Ford recently announced the acquisition of Michigan Central Station, an iconic former train station and the city’s 18-story Beaux-Arts Classical landmark. The Detroit complex will be outfitted within Michigan Central Station. The restoration plan will include the opening of mixed-use amenities across the first-floor concourse including dining and retail. The 500,000-square-foot structure will be rounded out with offices for Ford and its partner companies. The entire Corktown Campus is expected to total 1.2 million square feet.
“Michigan Central Station is a place that in many ways tells the story of Detroit over the past century,” according to Bill Ford, the company’s executive chairman. “We at Ford want to help write the next chapter, working together in Corktown with the best startups, the smartest talent, and the thinkers, engineers and problem-solvers who see things differently – all to shape the future of mobility and transportation.”

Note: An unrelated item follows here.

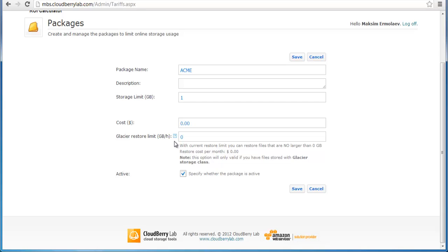It is important to set the Glacier maximum retrieval rate per hour, as Glacier retrievals may be expensive. By default it is zero, and customers will not be able to restore. Below this line you see the restore cost per month in dollar equivalent, and a notification about the maximum size of files your user can restore.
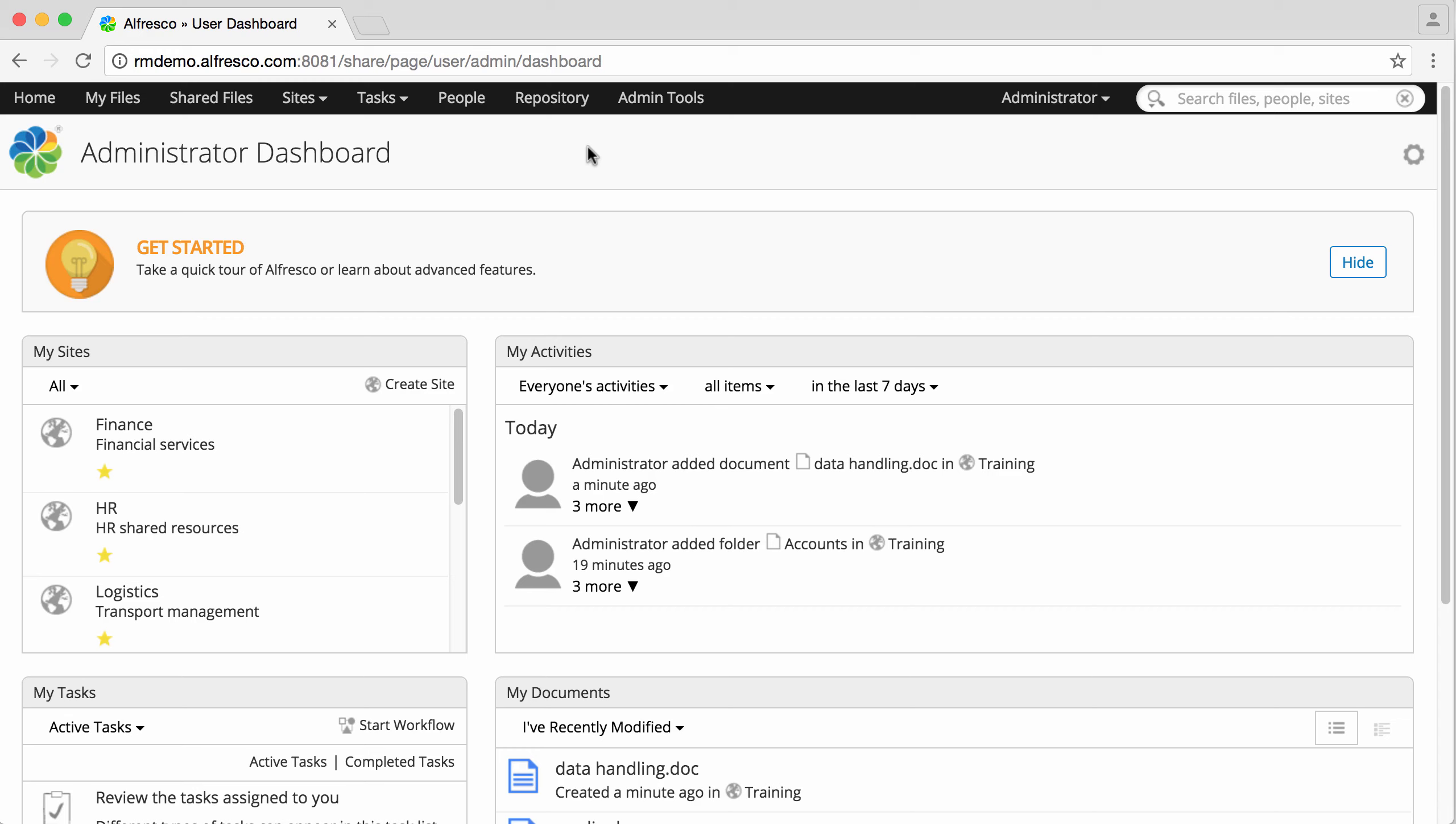Security controls consist of one or more security groups, which in turn are made up of one or more security marks. Security controls are configured and assigned through the standard Alfresco admin tools and can be used in both the records management site and standard Alfresco sites.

The acquisition of Michigan Central Station comes alongside the company’s purchase of the former Detroit Public Schools Book Depository, two acres of vacant land, the site of an old brass factory and the recent purchase of a refurbished former factory in Corktown, now home to Ford’s electric vehicle and autonomous vehicle business teams.
Forecasted to debut in 2022, the Corktown project is currently its early planning stages, while the conceptual design for the Dearborn campus is slated for completion by the end of this year.